What's wanted is a faithful retyping of every entry, pictures excluded.

Start of Data excerpts

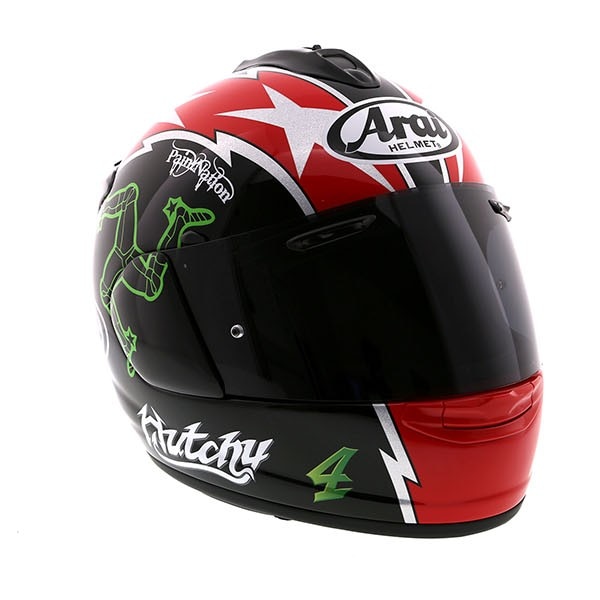 arai chaser x hutchy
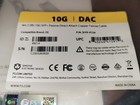 Fs Sfpp-pc04 4m  13ft  10g Sfp  Passive Dac Cable For Dell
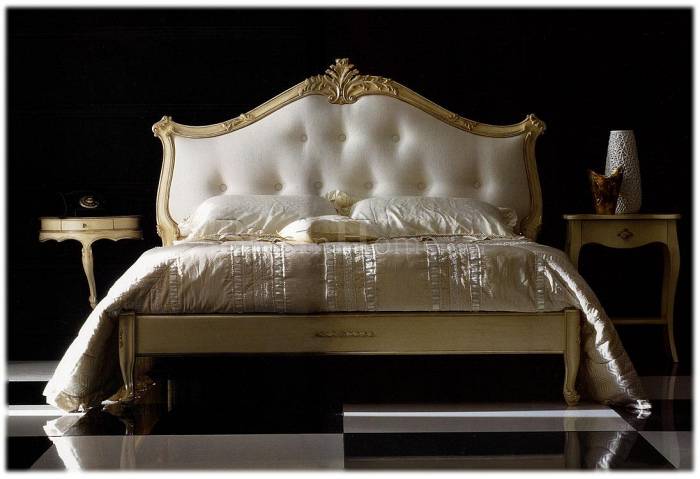 Double bed FLORENCE ART 1930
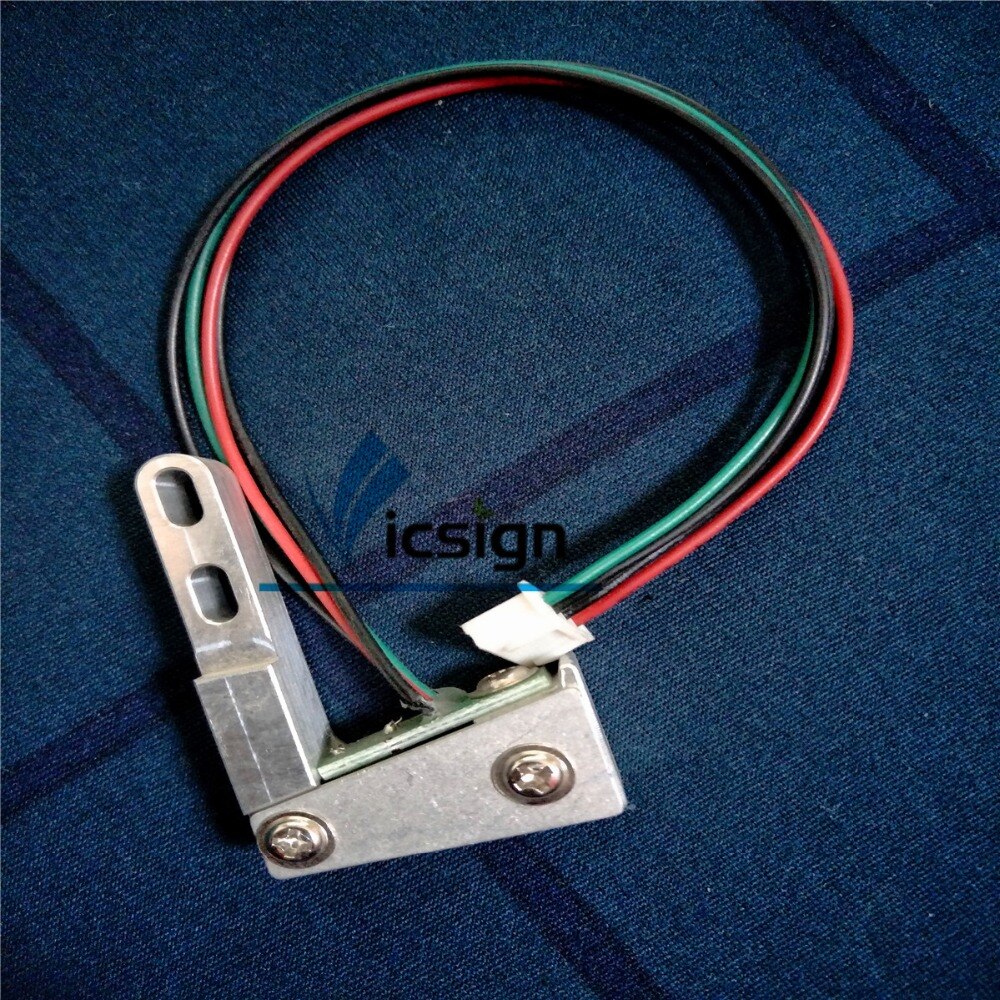 Vicsign cutting plotters optical sensor CCD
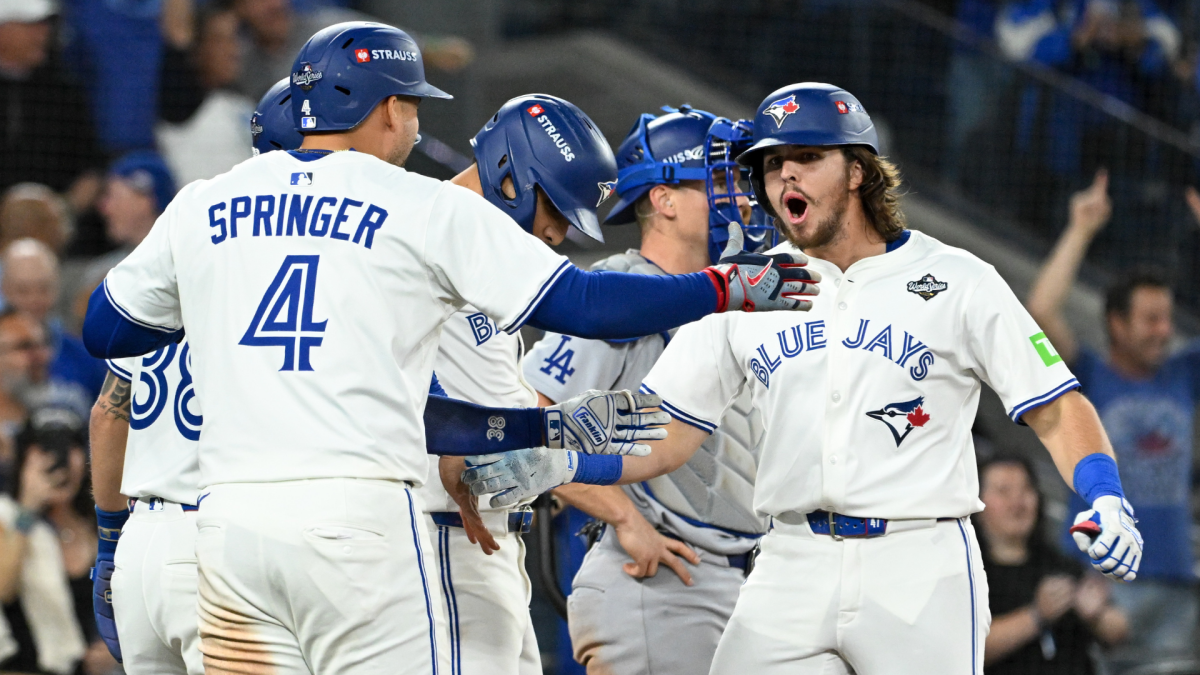 World Series Game 1 live updates: Dodgers vs. Blue Jays lineups, analysis - CBS Sports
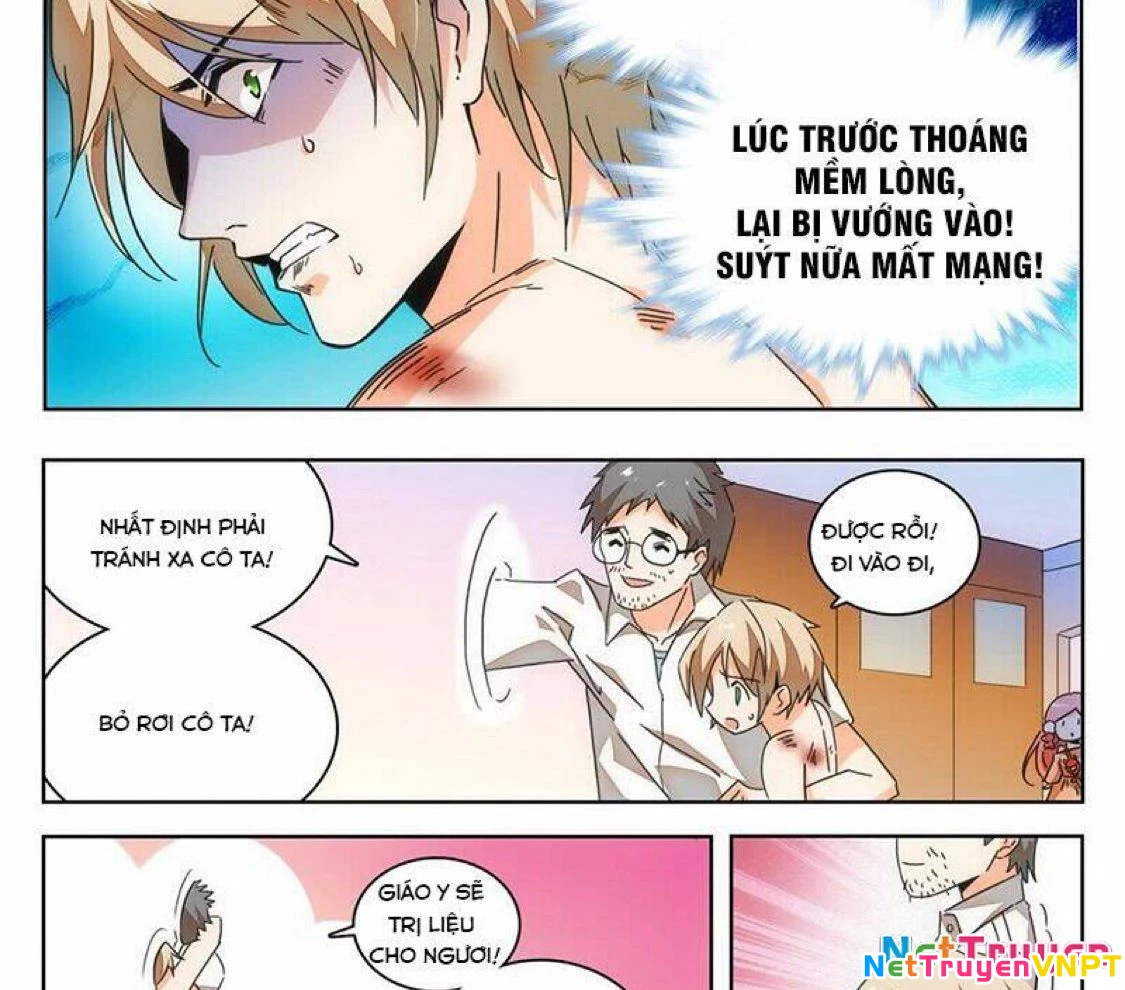 Học Viện Kỹ Thuật Thần Tiên Chapter 5 - 11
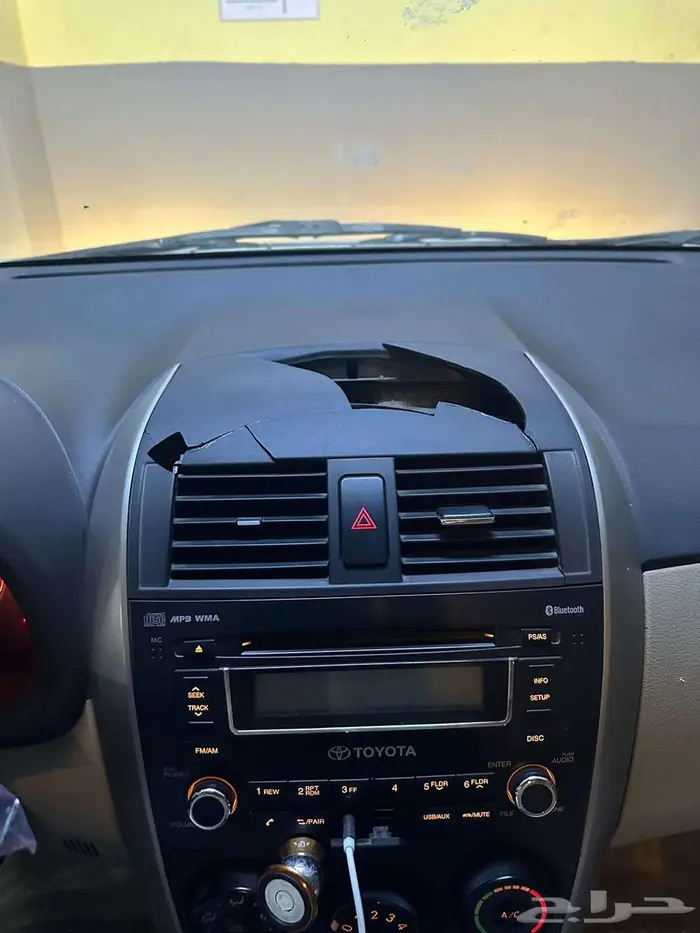 للبيع  تويوتا كورولا 2012   فئة XLI فل كامل 1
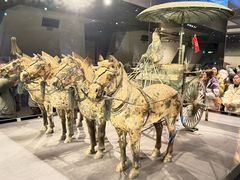 -秦始皇帝陵博物院-丽山园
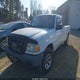 1FTKR1ED8APA55871 2010 Ford Ranger Xl auction photo thumbnail 2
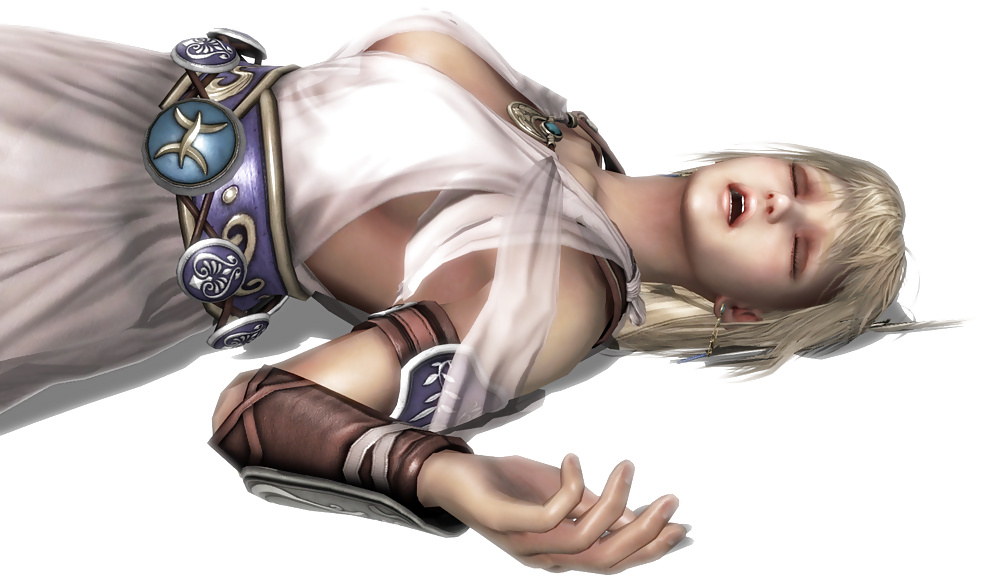 Sophitia Alexandra (soul Calibur) #26344824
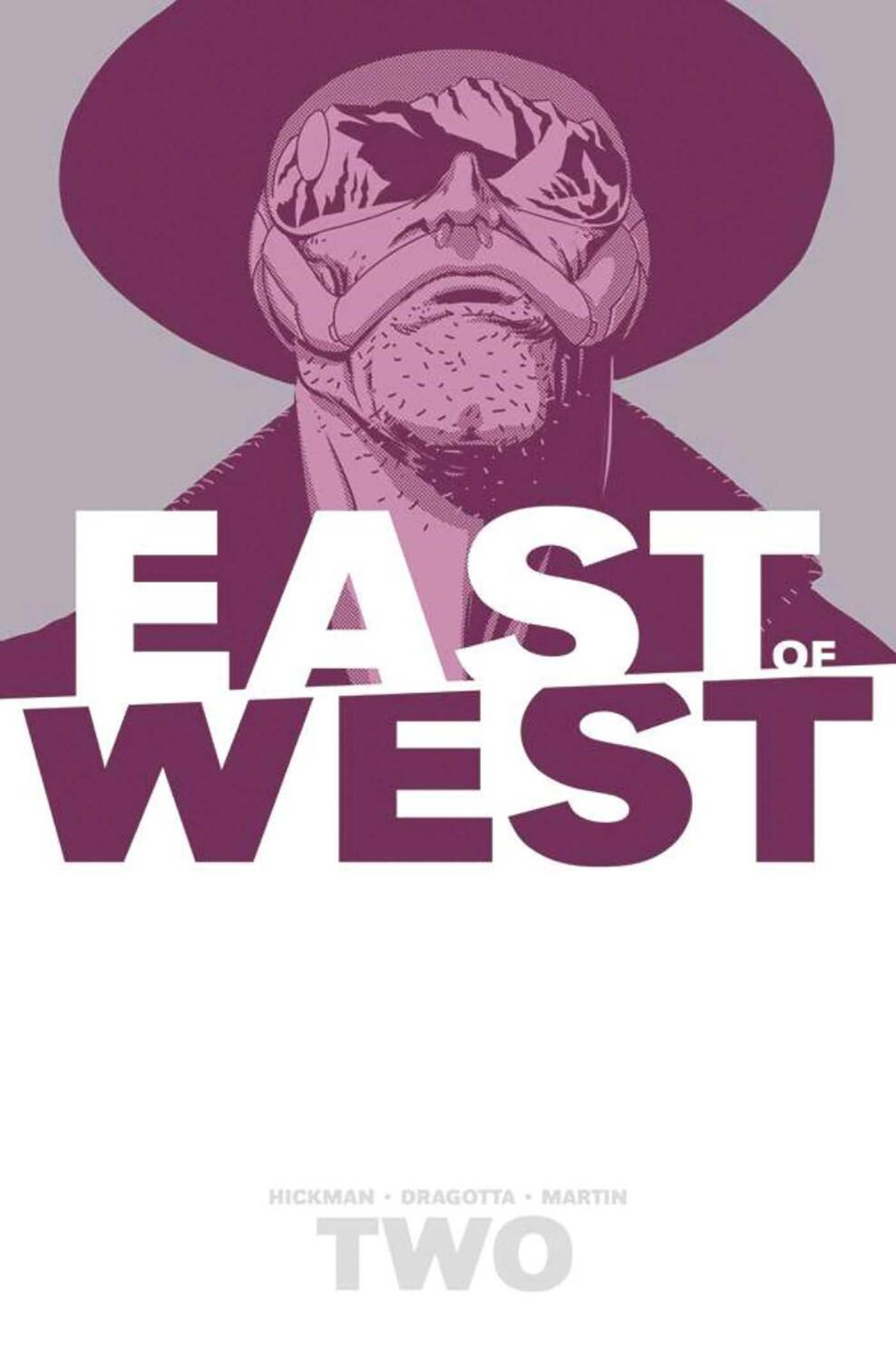 Cover: 9781607068556 | East of West Volume 2: We Are All One | Jonathan Hickman | Taschenbuch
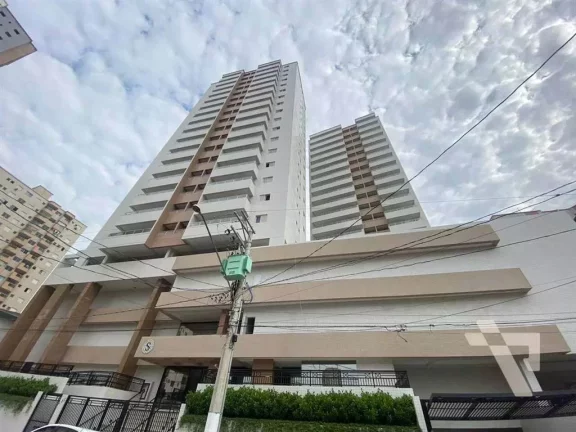 Imagem APARTAMENTO COM 127.3 m² - AVIAÇÃO - PRAIA GRANDE SP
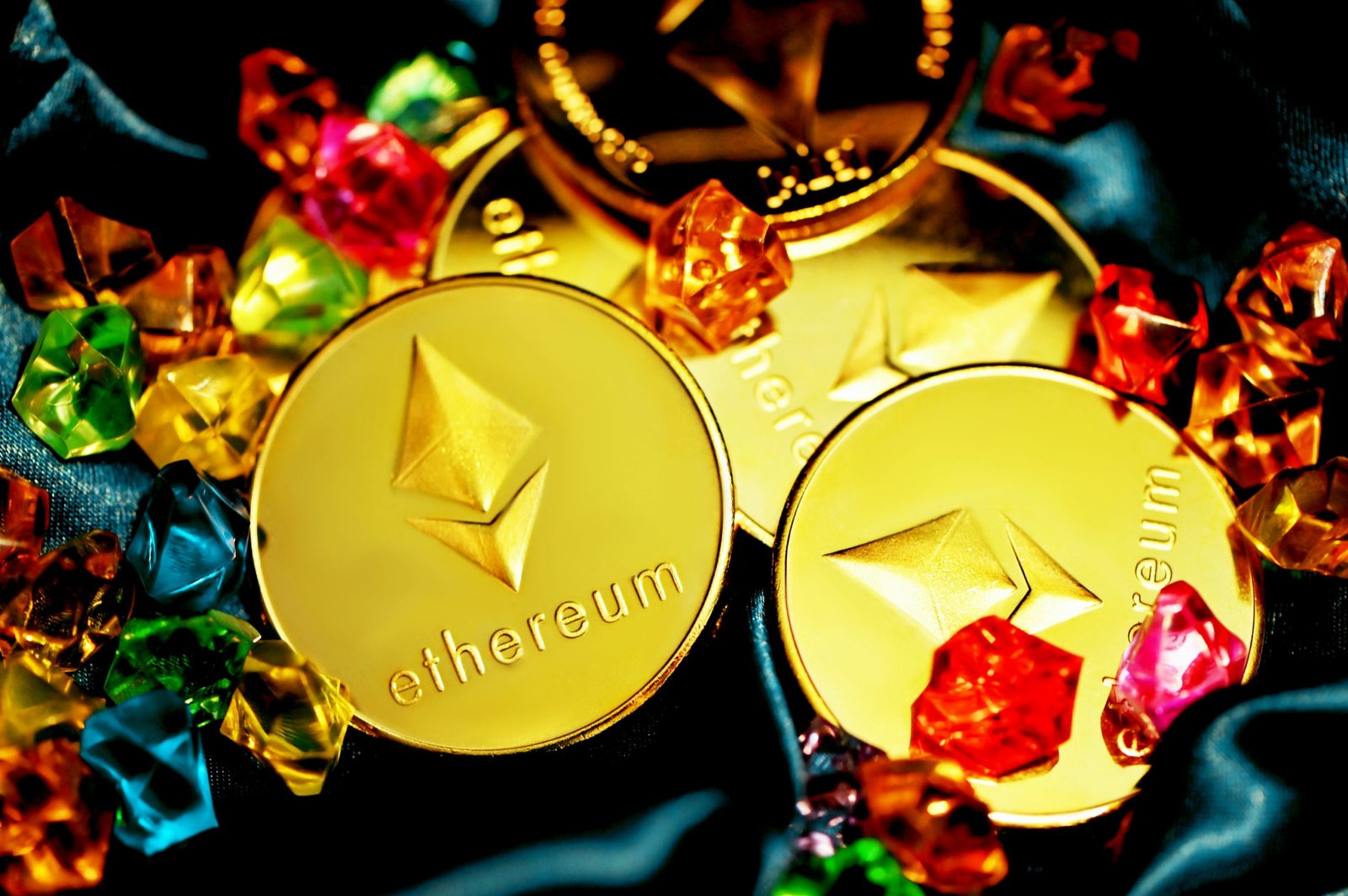 Record Ethereum Open Interest Signals Institutional Confidence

End of Data excerpts

### Solution for this exercise:
 arai chaser x hutchy
 Fs Sfpp-pc04 4m  13ft  10g Sfp  Passive Dac Cable For Dell
 Double bed FLORENCE ART 1930
 Vicsign cutting plotters optical sensor CCD
 World Series Game 1 live updates: Dodgers vs. Blue Jays lineups, analysis - CBS Sports
 Học Viện Kỹ Thuật Thần Tiên Chapter 5 - 11
 للبيع  تويوتا كورولا 2012   فئة XLI فل كامل 1
 -秦始皇帝陵博物院-丽山园
 1FTKR1ED8APA55871 2010 Ford Ranger Xl auction photo thumbnail 2
 Sophitia Alexandra (soul Calibur) #26344824
 Cover: 9781607068556 | East of West Volume 2: We Are All One | Jonathan Hickman | Taschenbuch
 Imagem APARTAMENTO COM 127.3 m² - AVIAÇÃO - PRAIA GRANDE SP
 Record Ethereum Open Interest Signals Institutional Confidence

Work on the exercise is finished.